Project Overview
This project implements a sentiment classification pipeline using Amazon reviews. The task is binary classification (positive vs. negative) based on star ratings. I built a full pipeline from dataset preparation and text cleaning to feature extraction (bigram count vectors) and model training/evaluation using four classical classifiers: Perceptron, SVM, Logistic Regression, and Multinomial Naive Bayes.
Key design choices:
•
Labels: Positive = 4–5 stars (y = 1), Negative = 1–2 stars (y = 0), Neural (3 stars) ignored.
•
Sampling: 100,000 positive + 100,000 negative reviews, shuffled (total 200,000).
•
Text processing: lowercasing, URL/HTML removal, non-alphabetic removal, contraction expansion, stopword removal, lemmatization.
•
Feature representation: bigram frequency vectors stored as a sparse matrix (CSR) to handle high dimensionality.
•
Evaluation: Accuracy, Precision, Recall, F1 for both training and testing splits (80/20).
Results
3 Analysis of Dataset
# 1. how many reviews received 1 ratings
num_1_star_reviews = df[df['star_rating'] == 1].shape[0]
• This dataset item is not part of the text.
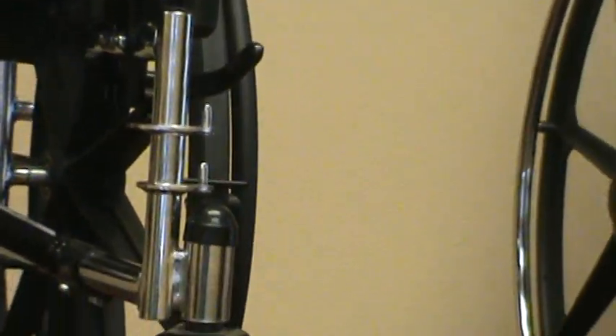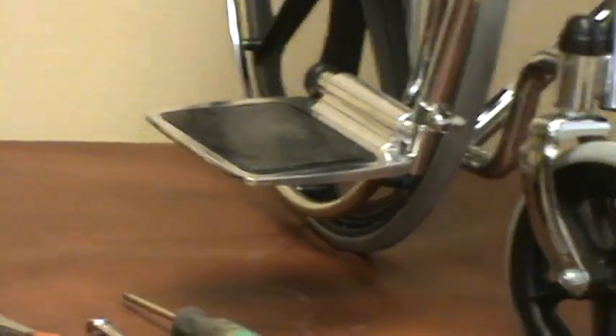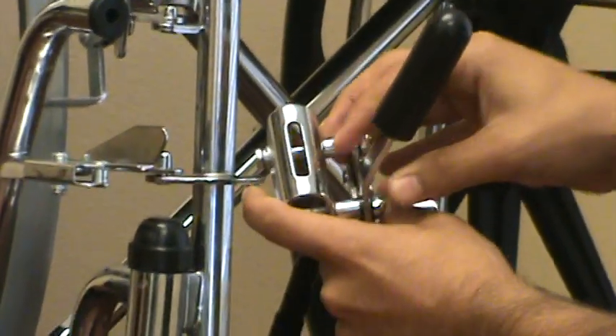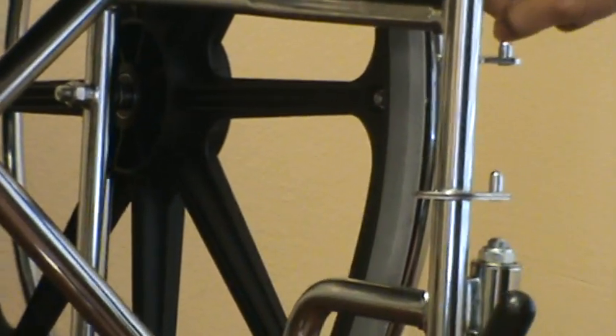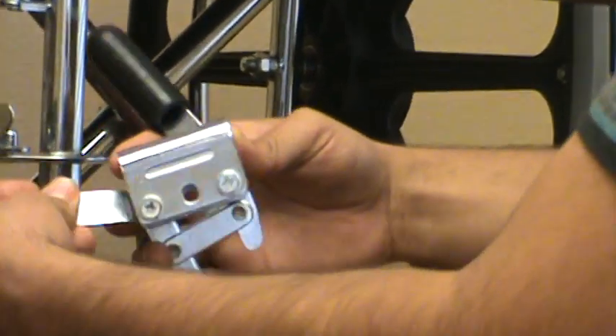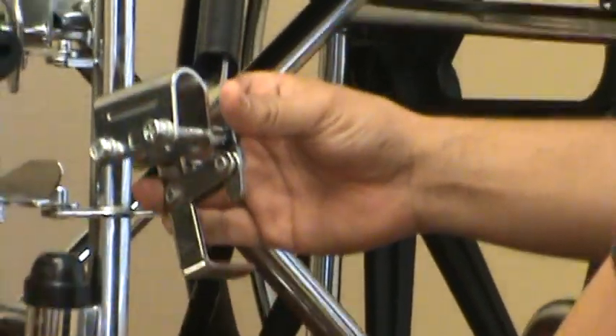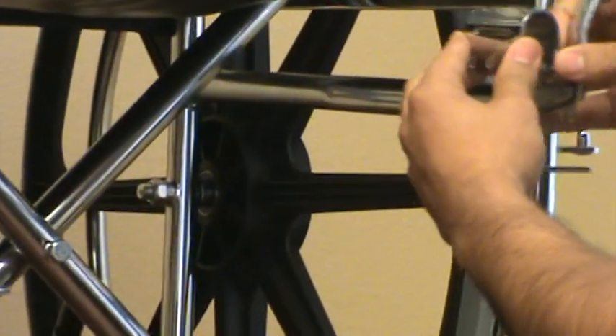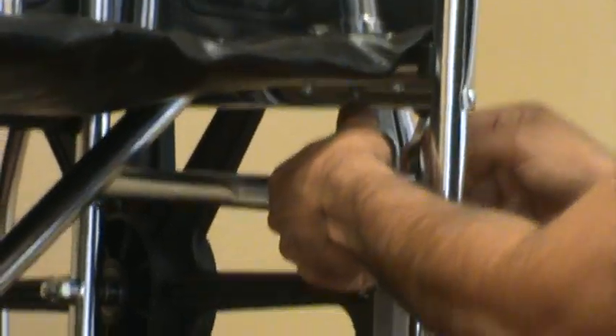For the over-the-bar clamp style, you'll notice that the top of the wheel lock has a slot in it. That slot matches up with a stud sticking out of the frame, and that keeps your wheel lock in the right position. You would take off your two bolts and the spacer that comes out from between, then put it over the bar. Make sure that your stud goes into your slot — you can slide it back and forth on there.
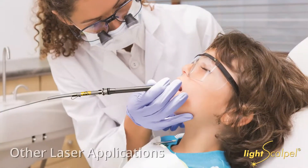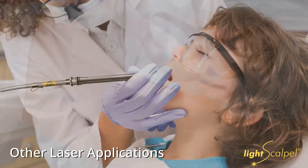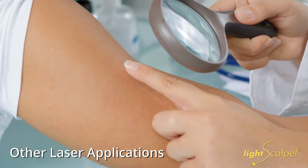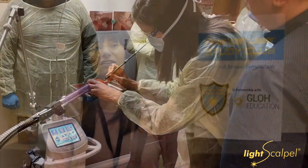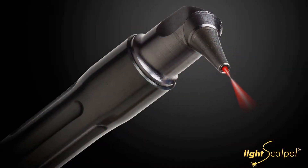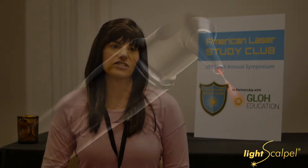I'm primarily using the LightScalpel for frenectomies, but I have also removed some moles, treated adhesions from a bad circumcision, and used it on my dad, who's diabetic — he had a horrible wound on his leg that they were trying to treat with silver nitrate and scraping. I actually used the laser to debride the wound every two days, and they were pretty impressed with how well it healed. With a wound you can take just the top layer of old tissue off and leave the new tissue, which you can't do with a scalpel.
print(f"Number of reviews with 1 star rating: {num_1_star_reviews}")
# 2. how many products got average over 4 stars
average_ratings = df.groupby('product_id')['star_rating'].mean()
num_products_over_4_stars = (average_ratings > 4).sum()
print(f"Number of products with average rating over 4 stars: {num_products_over_4_stars}")
# 3. how many reviews got more than 5 helpful votes
num_reviews_over_5_helpful_votes = df[df['helpful_votes'] > 5].shape[0]
print(f"Number of reviews with more than 5 helpful votes: {num_reviews_over_5_helpful_votes}")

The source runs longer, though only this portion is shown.